▶ _Action item_:
Reproduce exactly the run of lines that begins with the one containing "LG OLED שקוף, Front" and ends with the last line of the records, omitting pictures.

▶ _Task inputs_:
========================================================================

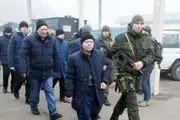 تبادل اسیران جنگی میان روسیه و اوکراین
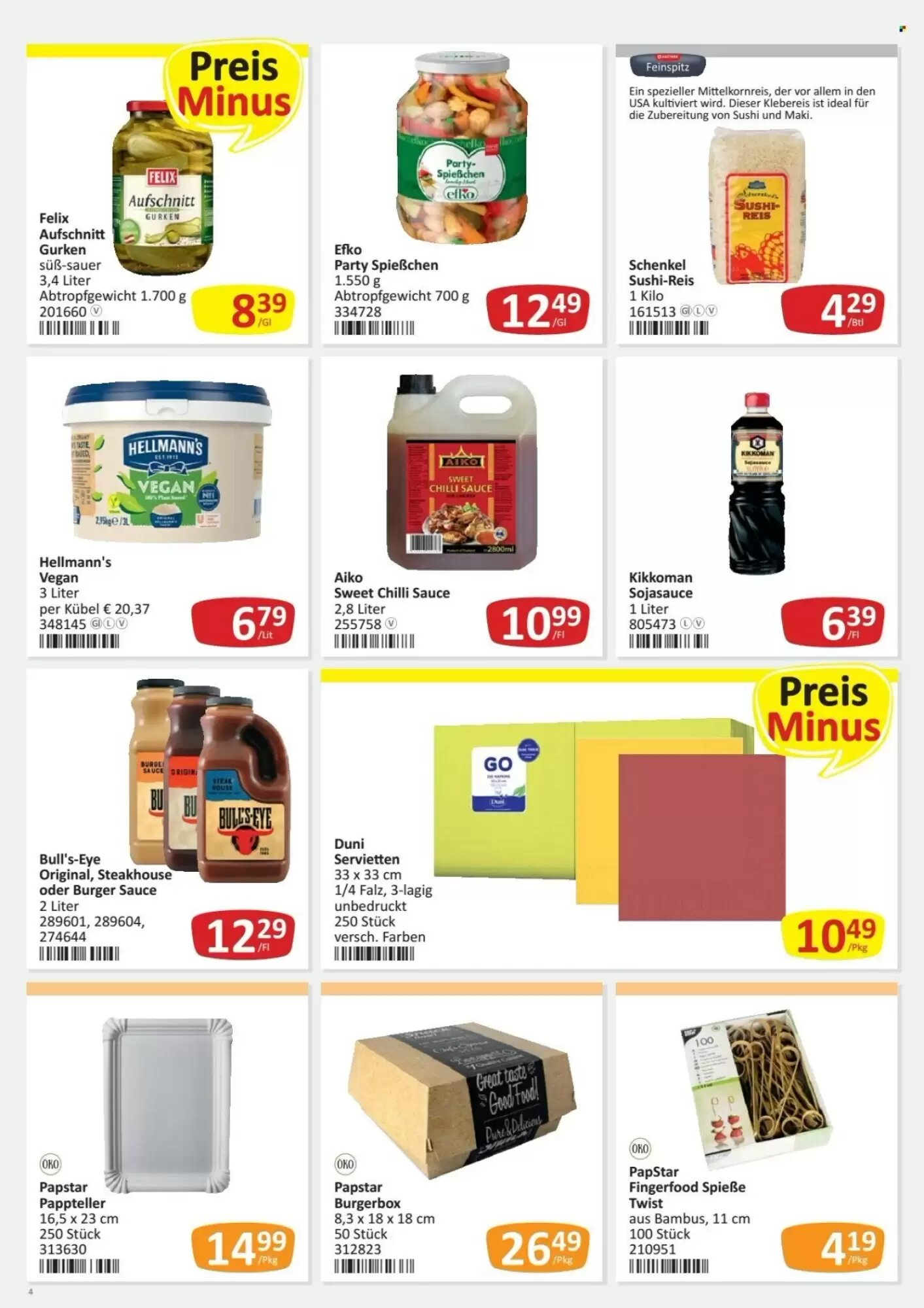 Kastner Flugblatt (ab 27.07.2026) - Angebote und Prospekt - Seite 4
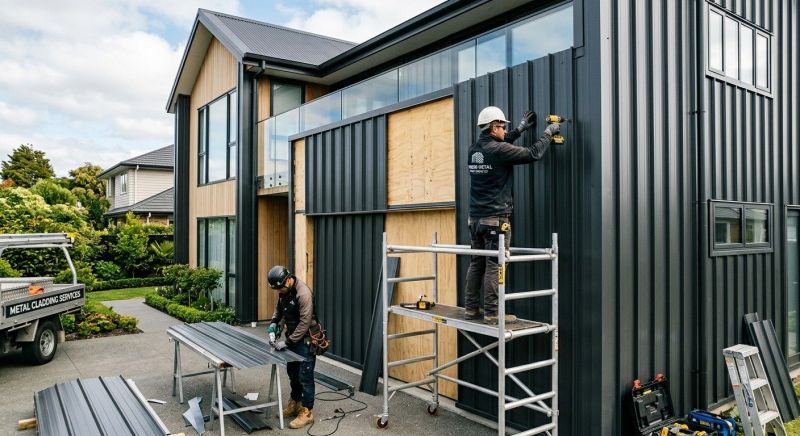 Metal Siding Service in Ann Arbor, MI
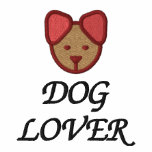 DOG LOVER Woman's Shirt Polo Shirt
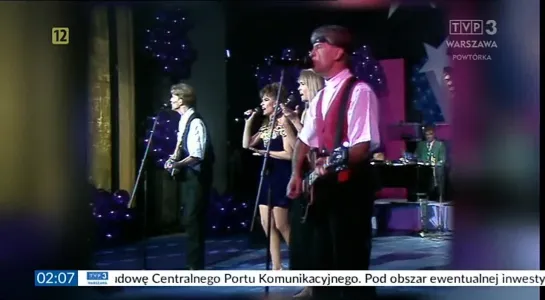 Magdalena Durecka KK Studio Singers - Bez Pospiechu (TVP 3 Warszawa) Piosenka dla Ciebie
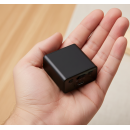 Dyktafon z magnesem 200 godzin aktywacja głosem 16GB - MK-Q65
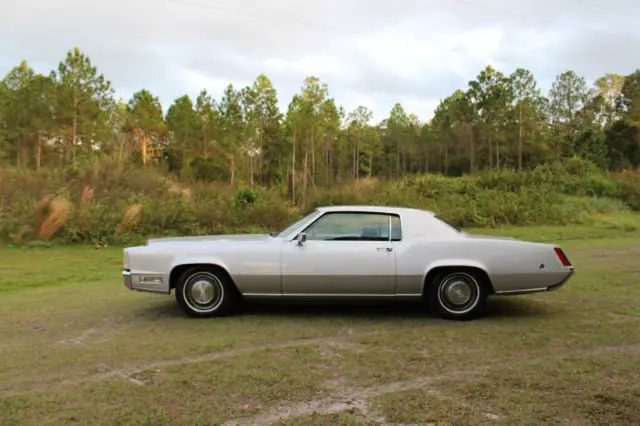 1969 cadillac eldorado coupe 2 door 472 must see call now don't miss it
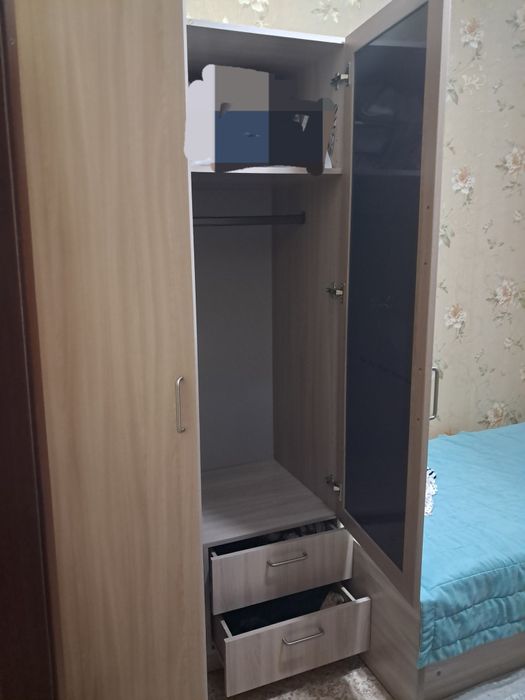 Продам, два шкафа в отличном состояние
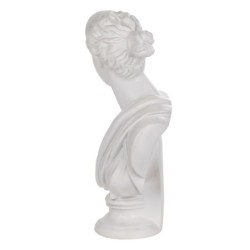 Signes Grimalt  By Sigris - Figura Busto Mujer  Figuras | Varios Blanco - 50x18x31 cm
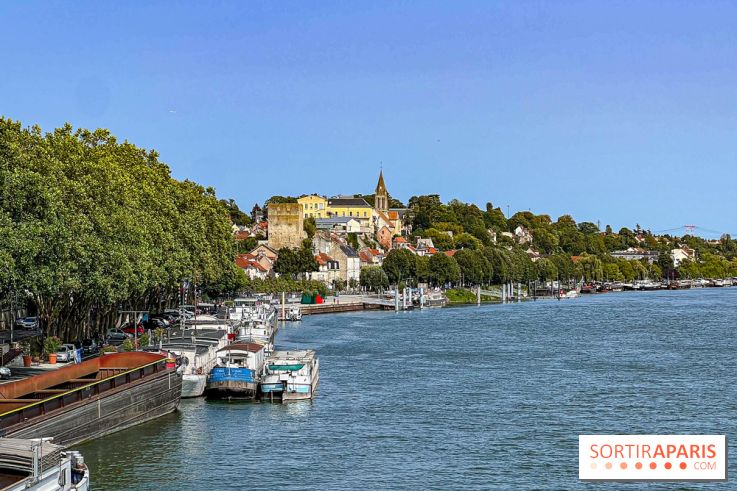 Conflans-Sainte-Honorine (78)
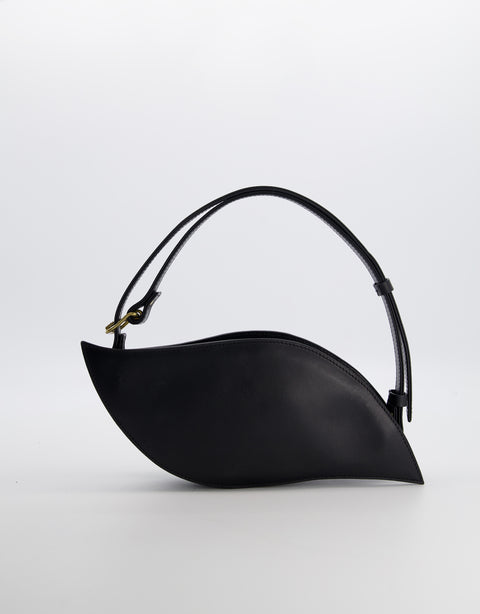 COMETE Noir - sac impression 3D - Incxnnue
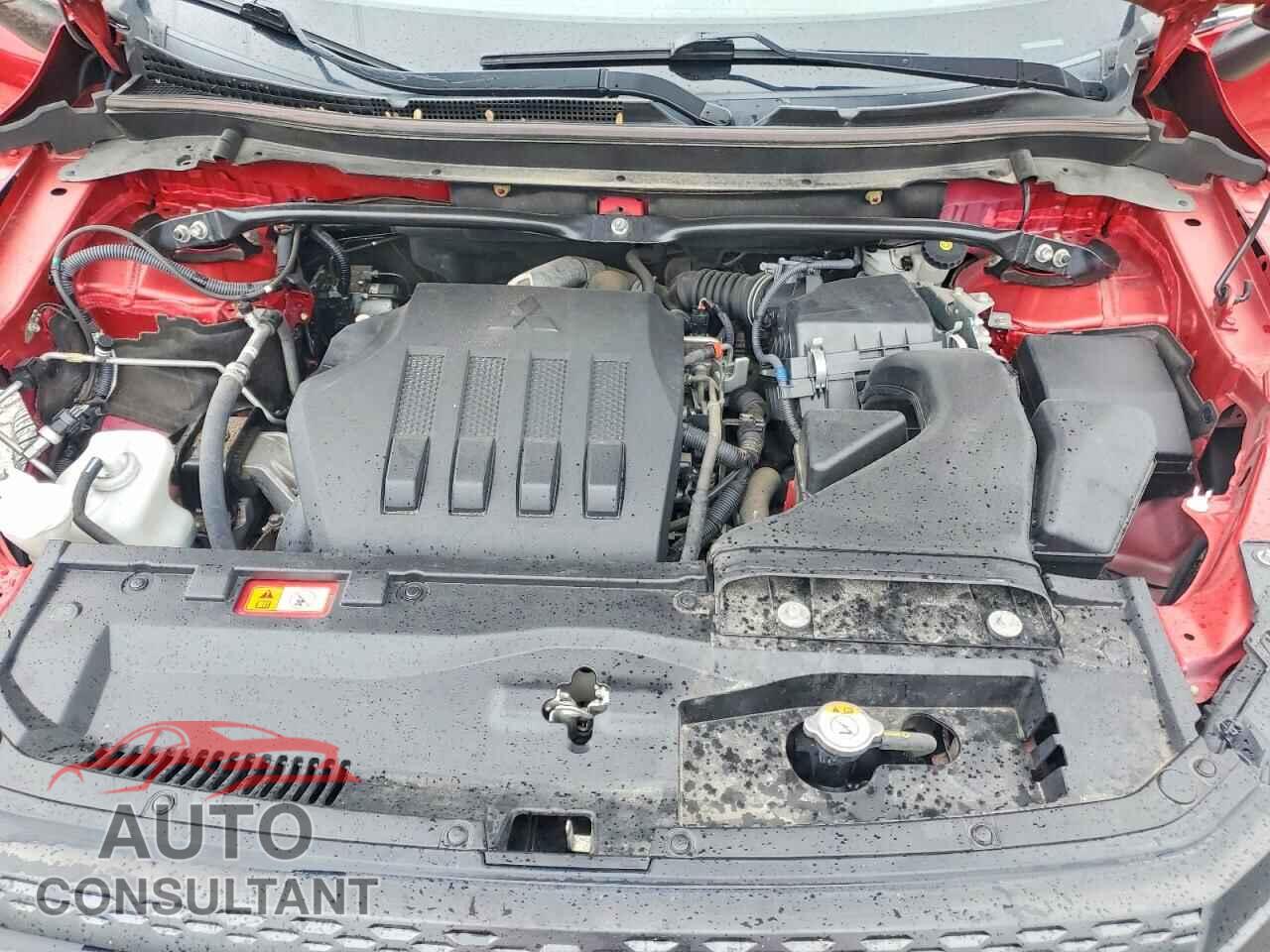 MITSUBISHI ECLIPSE 2022 - JA4ATVAA2NZ003575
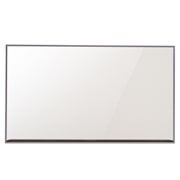 LG OLED שקוף, Front view, 55EW5P-M, thumbnail 3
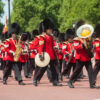 cambio guardia londres palacio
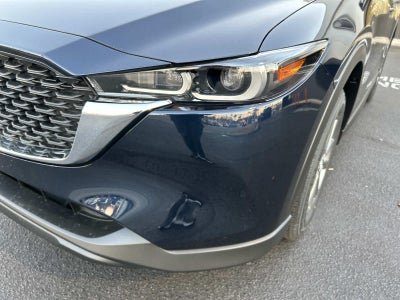 2025 Mazda Mazda CX-5 2.5 S AWD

========================================================================

▶ _Expected answer_:
 LG OLED שקוף, Front view, 55EW5P-M, thumbnail 3
 cambio guardia londres palacio
 2025 Mazda Mazda CX-5 2.5 S AWD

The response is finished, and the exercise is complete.